__TASK TO COMPLETE__
Nothing outside the range is to be copied. From the entries below, reproduce exactly the lines starting at the one with "Charlotte Olympia Yellow" and ending at the one with "Sistema de Sonido", without pictures.

__DATA SECTION__
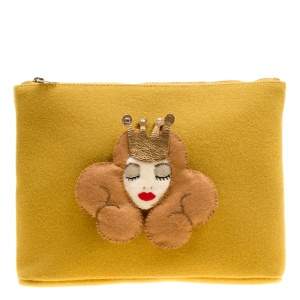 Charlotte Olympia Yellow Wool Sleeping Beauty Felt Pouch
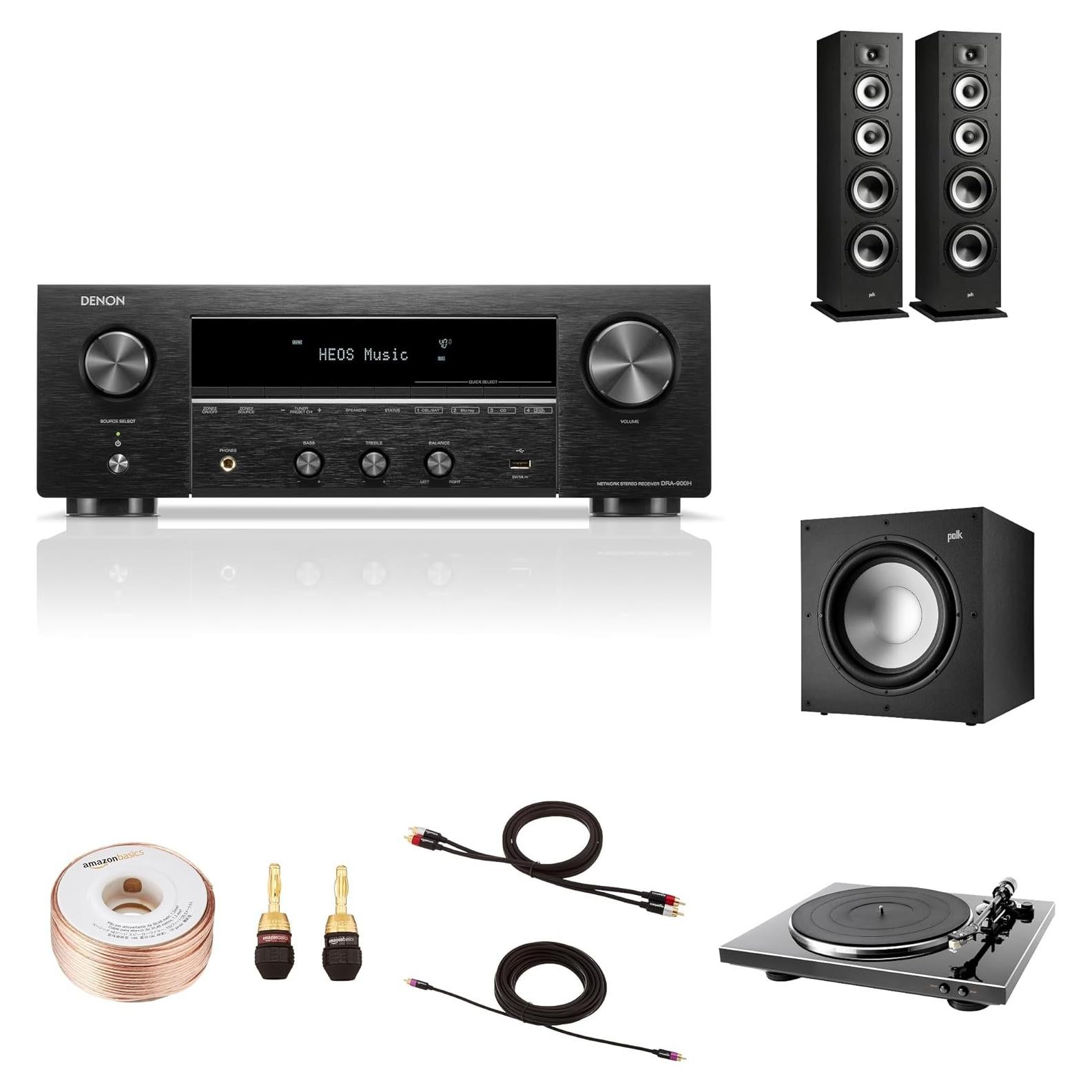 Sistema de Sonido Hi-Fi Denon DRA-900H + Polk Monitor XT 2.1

---

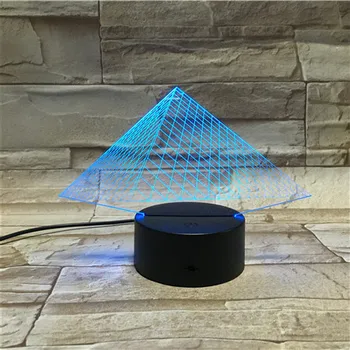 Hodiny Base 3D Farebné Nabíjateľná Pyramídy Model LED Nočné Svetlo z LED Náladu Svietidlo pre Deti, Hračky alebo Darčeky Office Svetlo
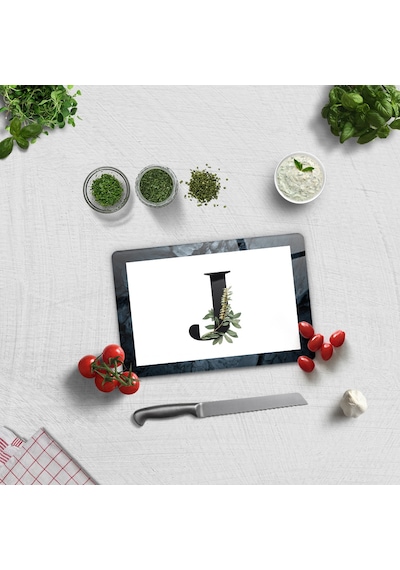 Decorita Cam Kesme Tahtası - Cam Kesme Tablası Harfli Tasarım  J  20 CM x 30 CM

---

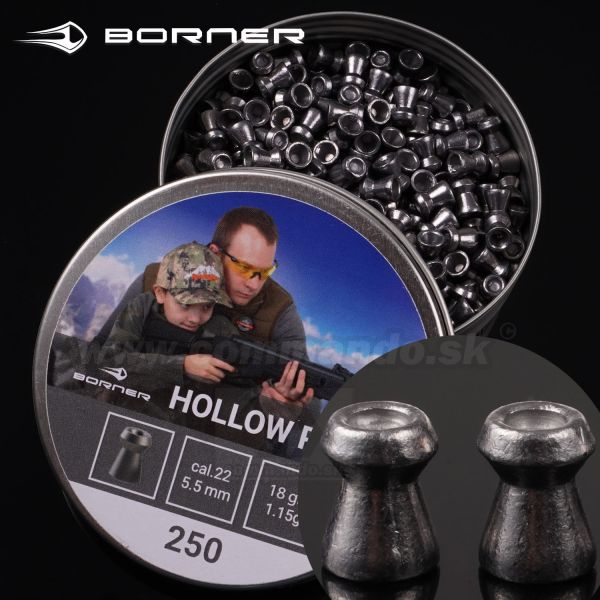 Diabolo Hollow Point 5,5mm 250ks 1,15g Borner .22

__EXPECTED ANSWER__
 Charlotte Olympia Yellow Wool Sleeping Beauty Felt Pouch
 Sistema de Sonido Hi-Fi Denon DRA-900H + Polk Monitor XT 2.1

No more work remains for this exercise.